For the most part, we don't own much of value. Other than electronics, I think our most valuable possession in monetary terms is our bed set, so it isn't like we have a lot of hard decisions as we prepare for pack out day. Cheap furniture, books and a lot of winter clothes go into storage. Most everything else is coming with us because there isn't that much more. One of the benefits of never owning a home is that we got pretty good about limiting our possessions. Space, or lack there of, dictated that.
But we do have personal items that while limited or entirely lacking monetary value hold a great deal of sentimental value. How many family photos do we want to take to Mexico to make Hermosillo feel like home? All? Doubtful, because there always is the lingering risk that something happens to our shipments or our new home. Fortunately, many of our photos are backed up on the Internet and hard drives as they have been taken on digital cameras.
Some possessions do have some monetary value, but the sentimental or personal value greatly outweigh that. For example, Natalie has some of her mother's jewelry, and she would be just sick of anything happened to it. I have a basketball signed by the 1996 University of Kentucky championship basketball team that I didn't even want to bring to D.C. with me. I have no idea what the ball is worth (several of those players went on to the NBA probably increasing its value), but it remains one of my most prized possessions and I would never think of selling it.
All of those items, however, store pretty well. They're relatively small, and they don't need any care. The same can't be said for my brother's tree.

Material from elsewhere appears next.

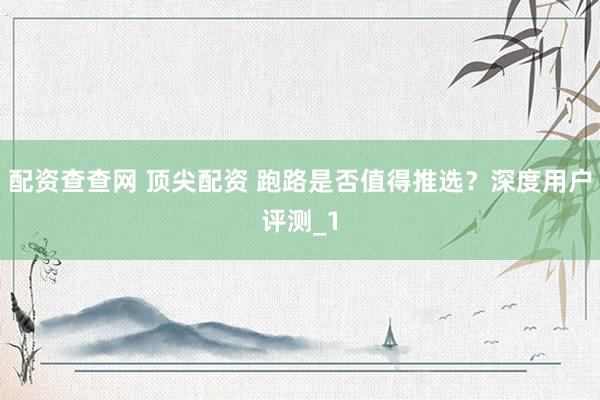 配资查查网 顶尖配资 跑路是否值得推选？深度用户评测_1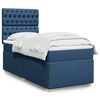 vidaXL Boxspringbett mit Matratze Blau 90x190 cm Stoff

In 2004, my younger 22-year-old brother died. My parent's home turned into a greenhouse over the next couple of days as friends and family had potted plants sent there. A tradition I really don't understand.
I was living in southeast Ohio at the time, and to lighten the load (and save one more plant from being disposed...there is only so much room for plants in one household), I decided to take one small plant with me back home. It probably was no taller than six inches at the time.
The plant moved from Ohio to D.C. with me in 2005, still a smallish shrub, but it was growing to maybe a foot and a half. In D.C., with a little help from Miracle Gro, it shot up several feet. And when we left D.C. for northern Virginia in 2007, the plant barely made the move with us. As it only had to travel a few miles and we needed to rent a moving van for our furniture anyway, the plant was able to move with us.
Now towering at probably 10 feet (it is hard to gauge, and it already has hit the ceiling and is now growing horizontally), I know the plant can't come to Mexico with us. At least in its current state. My mom, who knows much more about plants than I do, thinks I can lop off the top portions to make it more mover friendly. Then new limbs will start to grow, she said.
Truth is, I'm not overly concerned about the tree being able to move to Mexico with us. I have other, more meaningful objects that remind me of my brother. But I don't want the thing to be merely discarded. I'll look into trimming it and seeing if that makes it movable, but otherwise, the only other solution I can think of is trying to find some place to plant it. (Though Mom thinks it will die in the winter if I do that.)
I've moved on that I don't need this plant sentimentally, but it would bring some piece of mind to know that the plant will live on.